Supplied entries START
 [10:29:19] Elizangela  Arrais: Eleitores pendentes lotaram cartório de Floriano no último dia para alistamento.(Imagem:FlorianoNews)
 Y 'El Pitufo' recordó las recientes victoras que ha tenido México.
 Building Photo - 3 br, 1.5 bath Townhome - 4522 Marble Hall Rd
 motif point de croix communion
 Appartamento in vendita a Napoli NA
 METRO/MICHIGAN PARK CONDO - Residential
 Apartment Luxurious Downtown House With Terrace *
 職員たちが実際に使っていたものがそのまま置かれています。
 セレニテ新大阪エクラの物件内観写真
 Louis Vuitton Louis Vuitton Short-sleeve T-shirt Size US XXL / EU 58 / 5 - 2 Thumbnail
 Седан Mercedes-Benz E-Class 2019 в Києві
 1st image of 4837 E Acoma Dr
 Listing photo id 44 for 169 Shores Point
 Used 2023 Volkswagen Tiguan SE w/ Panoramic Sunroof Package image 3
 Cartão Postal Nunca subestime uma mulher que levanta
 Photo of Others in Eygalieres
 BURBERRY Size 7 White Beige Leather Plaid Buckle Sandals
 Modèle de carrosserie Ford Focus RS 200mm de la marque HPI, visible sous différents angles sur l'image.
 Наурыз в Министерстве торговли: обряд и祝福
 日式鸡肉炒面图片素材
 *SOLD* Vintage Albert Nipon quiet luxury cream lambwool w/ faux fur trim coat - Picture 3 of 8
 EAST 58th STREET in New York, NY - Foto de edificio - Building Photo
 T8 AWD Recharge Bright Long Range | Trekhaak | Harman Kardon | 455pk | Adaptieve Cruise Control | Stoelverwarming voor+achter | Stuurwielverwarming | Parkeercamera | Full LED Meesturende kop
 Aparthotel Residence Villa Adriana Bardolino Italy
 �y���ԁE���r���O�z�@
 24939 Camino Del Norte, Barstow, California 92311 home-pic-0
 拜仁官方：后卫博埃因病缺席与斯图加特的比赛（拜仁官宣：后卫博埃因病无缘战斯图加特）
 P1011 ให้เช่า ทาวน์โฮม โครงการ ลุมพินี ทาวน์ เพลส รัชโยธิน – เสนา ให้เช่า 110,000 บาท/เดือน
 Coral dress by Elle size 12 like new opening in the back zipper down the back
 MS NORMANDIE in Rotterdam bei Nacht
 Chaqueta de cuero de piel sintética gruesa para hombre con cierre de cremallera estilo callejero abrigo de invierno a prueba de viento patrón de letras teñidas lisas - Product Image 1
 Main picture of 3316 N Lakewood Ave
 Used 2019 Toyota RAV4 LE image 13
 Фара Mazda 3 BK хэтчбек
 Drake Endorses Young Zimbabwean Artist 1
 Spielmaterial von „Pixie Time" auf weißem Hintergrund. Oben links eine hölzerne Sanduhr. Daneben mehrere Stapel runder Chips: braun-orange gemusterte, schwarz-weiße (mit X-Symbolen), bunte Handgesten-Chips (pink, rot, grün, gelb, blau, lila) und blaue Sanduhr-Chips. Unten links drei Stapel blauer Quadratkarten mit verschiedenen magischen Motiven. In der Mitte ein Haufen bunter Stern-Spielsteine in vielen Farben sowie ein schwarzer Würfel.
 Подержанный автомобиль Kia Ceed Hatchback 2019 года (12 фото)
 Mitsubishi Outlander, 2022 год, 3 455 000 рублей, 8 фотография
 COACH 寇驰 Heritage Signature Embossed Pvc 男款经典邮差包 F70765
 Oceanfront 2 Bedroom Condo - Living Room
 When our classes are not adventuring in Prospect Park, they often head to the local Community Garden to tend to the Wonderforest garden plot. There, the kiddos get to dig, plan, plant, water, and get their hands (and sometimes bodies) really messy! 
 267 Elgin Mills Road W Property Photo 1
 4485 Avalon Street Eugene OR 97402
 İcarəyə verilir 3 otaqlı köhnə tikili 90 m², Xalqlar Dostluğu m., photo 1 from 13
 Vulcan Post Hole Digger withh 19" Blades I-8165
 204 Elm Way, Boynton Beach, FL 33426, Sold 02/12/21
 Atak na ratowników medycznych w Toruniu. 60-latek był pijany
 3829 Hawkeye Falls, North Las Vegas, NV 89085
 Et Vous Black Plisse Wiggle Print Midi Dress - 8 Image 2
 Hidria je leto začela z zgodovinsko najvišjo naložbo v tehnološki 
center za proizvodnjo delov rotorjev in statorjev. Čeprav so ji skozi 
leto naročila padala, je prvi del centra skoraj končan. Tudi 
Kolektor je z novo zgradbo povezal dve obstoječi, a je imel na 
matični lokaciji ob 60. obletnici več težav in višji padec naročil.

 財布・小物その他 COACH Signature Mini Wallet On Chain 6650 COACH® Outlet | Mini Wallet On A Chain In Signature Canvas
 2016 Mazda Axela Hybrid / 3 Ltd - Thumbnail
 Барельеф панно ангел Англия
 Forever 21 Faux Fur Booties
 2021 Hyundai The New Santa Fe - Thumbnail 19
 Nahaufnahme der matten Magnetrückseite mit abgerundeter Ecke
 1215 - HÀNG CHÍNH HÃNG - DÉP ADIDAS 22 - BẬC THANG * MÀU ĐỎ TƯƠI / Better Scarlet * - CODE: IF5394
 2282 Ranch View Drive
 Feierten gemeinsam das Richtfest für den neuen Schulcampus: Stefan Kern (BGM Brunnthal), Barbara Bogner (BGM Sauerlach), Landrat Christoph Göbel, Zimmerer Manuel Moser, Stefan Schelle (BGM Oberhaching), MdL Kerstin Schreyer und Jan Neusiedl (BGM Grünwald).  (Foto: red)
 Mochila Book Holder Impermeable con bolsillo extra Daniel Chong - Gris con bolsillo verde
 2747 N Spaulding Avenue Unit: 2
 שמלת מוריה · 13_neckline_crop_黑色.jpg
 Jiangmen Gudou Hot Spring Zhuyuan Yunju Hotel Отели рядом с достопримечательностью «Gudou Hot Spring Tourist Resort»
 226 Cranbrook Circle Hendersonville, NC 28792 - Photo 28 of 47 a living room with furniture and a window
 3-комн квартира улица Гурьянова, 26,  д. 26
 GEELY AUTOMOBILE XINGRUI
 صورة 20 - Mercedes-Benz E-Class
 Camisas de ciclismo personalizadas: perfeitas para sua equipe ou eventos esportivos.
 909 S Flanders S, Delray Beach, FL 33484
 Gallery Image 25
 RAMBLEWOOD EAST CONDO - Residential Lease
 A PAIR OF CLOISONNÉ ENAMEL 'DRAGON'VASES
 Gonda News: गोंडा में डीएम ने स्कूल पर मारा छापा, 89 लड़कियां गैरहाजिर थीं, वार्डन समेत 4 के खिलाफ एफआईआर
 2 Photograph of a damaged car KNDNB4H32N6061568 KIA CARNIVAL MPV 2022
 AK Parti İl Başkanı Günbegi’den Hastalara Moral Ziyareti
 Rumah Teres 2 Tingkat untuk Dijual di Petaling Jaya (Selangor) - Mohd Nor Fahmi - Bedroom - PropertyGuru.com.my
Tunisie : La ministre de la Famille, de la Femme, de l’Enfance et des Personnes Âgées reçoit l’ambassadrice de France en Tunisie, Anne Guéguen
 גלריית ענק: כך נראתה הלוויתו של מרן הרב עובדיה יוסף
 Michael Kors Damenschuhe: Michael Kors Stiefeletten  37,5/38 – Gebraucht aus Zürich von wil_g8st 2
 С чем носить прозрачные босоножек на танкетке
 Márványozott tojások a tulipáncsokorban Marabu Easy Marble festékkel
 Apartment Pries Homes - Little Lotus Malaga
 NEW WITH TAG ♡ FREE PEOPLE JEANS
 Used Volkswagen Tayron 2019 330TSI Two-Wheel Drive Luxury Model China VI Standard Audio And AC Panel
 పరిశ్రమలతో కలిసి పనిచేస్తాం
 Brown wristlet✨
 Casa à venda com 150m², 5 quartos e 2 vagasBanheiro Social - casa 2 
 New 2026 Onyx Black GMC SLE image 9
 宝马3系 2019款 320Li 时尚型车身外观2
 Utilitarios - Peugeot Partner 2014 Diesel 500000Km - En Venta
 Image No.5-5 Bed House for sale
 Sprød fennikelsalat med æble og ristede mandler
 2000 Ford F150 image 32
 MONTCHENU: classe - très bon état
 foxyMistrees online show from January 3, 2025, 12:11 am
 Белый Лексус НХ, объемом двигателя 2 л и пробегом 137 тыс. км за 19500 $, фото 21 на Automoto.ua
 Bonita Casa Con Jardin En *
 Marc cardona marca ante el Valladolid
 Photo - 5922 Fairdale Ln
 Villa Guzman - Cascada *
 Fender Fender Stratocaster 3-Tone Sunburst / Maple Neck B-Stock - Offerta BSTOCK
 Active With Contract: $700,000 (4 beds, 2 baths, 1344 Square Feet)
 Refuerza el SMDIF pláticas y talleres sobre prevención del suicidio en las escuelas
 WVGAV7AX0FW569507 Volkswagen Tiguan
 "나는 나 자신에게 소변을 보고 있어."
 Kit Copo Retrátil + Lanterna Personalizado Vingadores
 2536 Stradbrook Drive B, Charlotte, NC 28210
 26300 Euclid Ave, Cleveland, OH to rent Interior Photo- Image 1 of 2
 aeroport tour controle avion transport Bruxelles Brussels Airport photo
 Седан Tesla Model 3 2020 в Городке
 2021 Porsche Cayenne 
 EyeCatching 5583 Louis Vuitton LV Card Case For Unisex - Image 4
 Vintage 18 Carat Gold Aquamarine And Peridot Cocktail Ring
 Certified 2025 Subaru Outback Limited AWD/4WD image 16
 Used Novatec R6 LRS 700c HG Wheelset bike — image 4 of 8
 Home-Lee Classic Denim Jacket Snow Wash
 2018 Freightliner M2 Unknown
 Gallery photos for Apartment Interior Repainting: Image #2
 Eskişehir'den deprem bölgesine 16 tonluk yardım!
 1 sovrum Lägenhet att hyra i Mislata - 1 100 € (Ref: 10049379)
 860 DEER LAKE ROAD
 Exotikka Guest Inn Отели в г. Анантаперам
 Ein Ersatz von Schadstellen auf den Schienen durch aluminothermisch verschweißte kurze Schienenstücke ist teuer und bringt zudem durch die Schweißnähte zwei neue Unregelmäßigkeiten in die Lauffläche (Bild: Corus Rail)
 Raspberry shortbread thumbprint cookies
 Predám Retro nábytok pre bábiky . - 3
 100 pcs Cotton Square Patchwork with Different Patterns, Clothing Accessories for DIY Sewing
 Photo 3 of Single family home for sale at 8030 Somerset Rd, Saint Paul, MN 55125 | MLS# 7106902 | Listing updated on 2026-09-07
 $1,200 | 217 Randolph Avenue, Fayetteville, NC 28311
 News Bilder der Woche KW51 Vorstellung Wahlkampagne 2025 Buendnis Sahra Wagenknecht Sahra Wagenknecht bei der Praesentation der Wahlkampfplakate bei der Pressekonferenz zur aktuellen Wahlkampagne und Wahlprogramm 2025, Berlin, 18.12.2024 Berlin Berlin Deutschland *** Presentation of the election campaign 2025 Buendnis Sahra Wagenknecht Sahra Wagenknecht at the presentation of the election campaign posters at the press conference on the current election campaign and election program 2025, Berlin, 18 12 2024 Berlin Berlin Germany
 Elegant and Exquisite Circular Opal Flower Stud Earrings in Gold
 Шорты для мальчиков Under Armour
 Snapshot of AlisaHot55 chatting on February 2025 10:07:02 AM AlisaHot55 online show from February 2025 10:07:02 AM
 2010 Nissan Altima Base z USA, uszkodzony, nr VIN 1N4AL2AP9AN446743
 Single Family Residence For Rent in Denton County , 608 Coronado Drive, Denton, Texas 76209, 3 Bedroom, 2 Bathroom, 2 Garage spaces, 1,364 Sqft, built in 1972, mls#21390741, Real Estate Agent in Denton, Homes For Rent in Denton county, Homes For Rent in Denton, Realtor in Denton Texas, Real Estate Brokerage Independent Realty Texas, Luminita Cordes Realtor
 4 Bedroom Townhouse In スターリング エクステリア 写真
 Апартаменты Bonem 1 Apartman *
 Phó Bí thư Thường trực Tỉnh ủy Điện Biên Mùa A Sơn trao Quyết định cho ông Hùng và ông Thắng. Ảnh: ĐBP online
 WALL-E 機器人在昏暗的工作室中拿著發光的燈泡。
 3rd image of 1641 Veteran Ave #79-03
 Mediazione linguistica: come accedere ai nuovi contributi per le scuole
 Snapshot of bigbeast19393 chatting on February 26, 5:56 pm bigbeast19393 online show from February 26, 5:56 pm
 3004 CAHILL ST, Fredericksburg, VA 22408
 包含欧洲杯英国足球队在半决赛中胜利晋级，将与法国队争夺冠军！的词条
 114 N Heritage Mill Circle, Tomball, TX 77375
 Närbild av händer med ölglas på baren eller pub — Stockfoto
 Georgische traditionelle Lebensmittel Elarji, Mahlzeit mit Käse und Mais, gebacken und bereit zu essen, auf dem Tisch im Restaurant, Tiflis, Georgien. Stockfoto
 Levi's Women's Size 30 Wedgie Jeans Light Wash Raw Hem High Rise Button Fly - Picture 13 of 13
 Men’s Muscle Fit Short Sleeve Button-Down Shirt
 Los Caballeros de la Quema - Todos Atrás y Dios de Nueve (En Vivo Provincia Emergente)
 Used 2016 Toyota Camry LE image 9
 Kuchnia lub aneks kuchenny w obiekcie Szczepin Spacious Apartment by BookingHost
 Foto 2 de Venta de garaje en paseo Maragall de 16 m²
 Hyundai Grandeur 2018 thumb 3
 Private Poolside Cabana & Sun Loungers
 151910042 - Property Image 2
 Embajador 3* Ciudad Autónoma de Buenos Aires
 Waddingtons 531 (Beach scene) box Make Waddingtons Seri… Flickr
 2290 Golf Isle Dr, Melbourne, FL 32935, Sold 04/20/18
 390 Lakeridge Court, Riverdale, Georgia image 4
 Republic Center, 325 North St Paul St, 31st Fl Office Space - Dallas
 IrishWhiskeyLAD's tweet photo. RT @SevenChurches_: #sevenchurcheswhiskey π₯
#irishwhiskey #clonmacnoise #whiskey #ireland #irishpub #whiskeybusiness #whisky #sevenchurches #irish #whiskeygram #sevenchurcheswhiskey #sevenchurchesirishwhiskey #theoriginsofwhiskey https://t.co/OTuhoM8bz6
Supplied entries END
Assignment:
Here the job is to output the lines from the start of the material through the line with "METRO/MICHIGAN PARK CONDO - Residential", inclusive, exactly and with nothing else.

Result of this exercise:
 [10:29:19] Elizangela  Arrais: Eleitores pendentes lotaram cartório de Floriano no último dia para alistamento.(Imagem:FlorianoNews)
 Y 'El Pitufo' recordó las recientes victoras que ha tenido México.
 Building Photo - 3 br, 1.5 bath Townhome - 4522 Marble Hall Rd
 motif point de croix communion
 Appartamento in vendita a Napoli NA
 METRO/MICHIGAN PARK CONDO - Residential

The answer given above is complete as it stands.